Vous évoquez votre employeur. Pour qui travaillez-vous en dehors du cyclisme ?
Je travaille pour la Cidéral, la Communauté de communes de Loudéac, en tant qu’animatrice sportive au sein d’une base sports nature. L’été, on me laisse me consacrer en priorité au vélo. J’essaie de faire le maximum d’heures possible l’hiver, mais il y a aussi des temps forts en saison avec certains week-ends très importants où je dois vraiment répondre présent.

Quelle relation entretenez-vous avec votre matériel ?

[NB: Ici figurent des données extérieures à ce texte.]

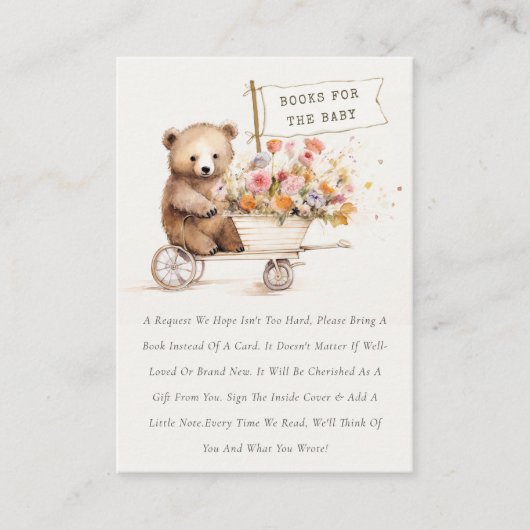 Schattigee chique teddy bloemenkar boeken voor Bab Informatiekaartje (Voorkant)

J’ai toujours connu de très bons mécanos, chez Vienne-Futuroscope ou en équipe de France, et j’ai longtemps eu une confiance aveugle en eux. Mais en arrivant à l’étranger, on n’arrive pas toujours à associer les mots pour désigner telle ou telle pièce du vélo. Alors j’ai du apprendre un peu par moi-même et m’y intéresser. J’ai aussi un mari très pointilleux sur le sujet et qui m’aide beaucoup. J’y fais néanmoins beaucoup plus attention et j’aime que mes deux vélos, de course et d’entraînement, aient exactement les mêmes réglages. Je suis très pointilleuse là-dessus. Je vérifie également toujours mes serrages de roue.

Vous avez conquis le titre national du contre-la-montre. Comment travaillez-vous cette discipline qui vous tient à cœur et quels progrès vous reste-t-il à accomplir ?
J’ai toujours eu de l’affection pour le contre-la-montre depuis mes années Juniors et mon premier titre de championne de France. Mais c’est une discipline qui demande beaucoup de temps et d’investissement, et je ne l’ai pas énormément durant la saison. On reçoit en outre les vélos de contre-la-montre très tard, la veille du Championnat de France du contre-la-montre l’année dernière quand je perds le titre pour seulement 2 secondes ! Les marques privilégient les garçons. J’ai touché mon vélo de chrono trois semaines avant les France cette année, ce qui m’a laissé peu de temps pour les préparer. Si je pouvais monter sur le vélo dès la préparation hivernale, il y aurait vraiment matière à progresser à raison de deux ou trois sorties courtes.